What is the Garbage Patch?

The Garbage Patch is one of our planet’s most serious – and most overlooked – environmental problems, caused by plastic waste being abandoned by humans and ending up in the ocean.

Why is this phenomenon less known than it should be?

The reason why this huge environmental problem is so often neglected is that its visible part is far smaller than its invisible one.

Why can it not be seen?

As an effect of photodegradation caused by sunlight, plastic debris are broken down into smaller and smaller fragments which, however present, are hard to detect.

What are the damages to the ecosystem?

Sea creatures may die by ingesting the plastic or by getting trapped among the debris. The Garbage Patch contains plastic fragments of all sizes, even microscopic ones.

Can it be removed?

There currently is no solution to this environmental disaster, as it would be impossible to remove the plastic without also removing the sea organisms, causing even greater damage to the ecosystem.

Who is to blame?

Behind every single fragment composing the Garbage Patch, there is a person who abandoned it in the environment.

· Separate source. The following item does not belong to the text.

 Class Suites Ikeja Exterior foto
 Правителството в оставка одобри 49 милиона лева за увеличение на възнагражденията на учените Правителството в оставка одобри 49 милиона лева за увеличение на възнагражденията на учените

Most of the debris dispersed in the sea come from disposable objects that were used once, then abandoned. We throw them away, but where is away? That’s where the Garbage Patch is – “the away state”.

What can we do about it?

States can do much in terms of legislation but also of action, as can be seen from those coastal areas that have been the object of expensive clean-up operations.

My intention is not to demonise plastic, as the idea of doing without it would be utopian. However, we must all act responsibly and change our habits.

Why an embassy?

The embassy was set up to deal with the thousands of applications for citizenship received from all over the world.

However, the Garbage Patch State is not inhabited by humans, but by around 3 million tons of plastic objects that were used, thrown away, then transfigured beyond recognition by sunlight. The Garbage Patch State and its citizens, disfigured and deprived of their dignity, could be compared to a leper colony, a place for relegating the outcasts that no one wants to see.

How does an object feel when it is destroyed?

The objects that inhabit the Garbage Patch State feel they are an unwitting tool of extermination of sea animals and the ecosystem. They hope that their brothers that are still on dry land will not end up like them, but that they will be re-used, recycled, and ultimately produce new energy – without ever being thrown into the environment.

This is why the inhabitants of the Garbage Patch State suggest that future citizens virtually adopt one of their brothers to save it from ending up in the Garbage Patch State.